Acaba satisfazendo todos os desejos de Lara e Jamille. Felizmente, o filme não se perde no registro íntimo do casal, pois Orlando e Conceição têm muito o que dizer e evocar. Em especial, sobre os filmes em que ela atuou, sob direção dele ou não, ou dirigiu. E Orlando relembra seus tempos de professor na Escola Internacional de Cinema de San Antonio de los Baños, em Cuba, que fundou com Gabriel García Márquez e Fernando Birri, e da qual tornou-se diretor. Enquanto ele dirigia a “Escuela’, plantada nos arredores de Havana, Conceição comandava, em portunhol, o programa “Una Ventana al Sur” (Uma Janela ao Sul). Os telespectadores adoravam o sotaque da baiana e as reportagens que ela gravava quando vinha ao Brasil (até Caetano Veloso cantou na “Ventana”).

Orlando dirigiu, com Jorge Bodanzky, os longas “Iracema, uma Transa Amazônica” e “Gitirana”. No primeiro, Conceição interpretou uma prostituta, colega de ofício da jovem protagonista, que carrega o nome-anagrama de América (Iracema). No segundo, a baiana foi a protagonista. Imagens desses dois trabalhos constituem a força de “O Amor Dentro da Câmera”. E são complementadas com breves trechos de mais de mais dezenove filmes, dos baianos “Tocaia no Asfalto” e o underground “Caveira my Friend”, passando por “Diamante Bruto”, “Coronel Delmiro Gouveia” e desaguando em “Longe do Paraíso”.

O filme de Belov e Fortunato contou com apoio do projeto Rumos Itaú Cultural, fonte de financiamento de inventivas biografias de cineastas, músicos, escritores, dramaturgos e artistas plásticos. Basta lembrar “Ex-Isto”, de Cao Guimarães (inspirado no “Catatau”, de Leminski) e “Sabotage: Maestro do Canão”, de Ivan 13P (sobre o rapper que, depois de conhecer a fama em “O Invasor” foi assassinado em uma rua de São Paulo).

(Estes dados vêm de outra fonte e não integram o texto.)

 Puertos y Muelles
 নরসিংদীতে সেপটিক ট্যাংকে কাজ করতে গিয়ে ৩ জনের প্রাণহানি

“Ainda Temos a Imensidão da Noite”, do brasiliense Gustavo Galvão, acompanha as andanças de Karen (Ayla Gresta) por paisagens candangas e alemãs. Integrante de banda roqueira, na qual toca trumpete e é vocalista, a jovem angustia-se com seu ofício, pois as coisas não marcham bem. Resolve, então, mudar-se com o namorado Artur (Gustavo Halfeld), para Berlim, atendendo a convite de Martin (Steven Lange). Um triângulo amoroso, complicado e imprevisível, e o novo país não resolvem os problemas existenciais e profissionais da moça. Ela resolve regressar a Brasília. É na cidade que seu avô ajudou a construir que Karen buscará um recomeço. No elenco estão, ainda, Pit Bukowski (DJ Bastian), Marat Descartes, Bidô Galvatildeo, Fernando Teixeira e Clemente Nascimento.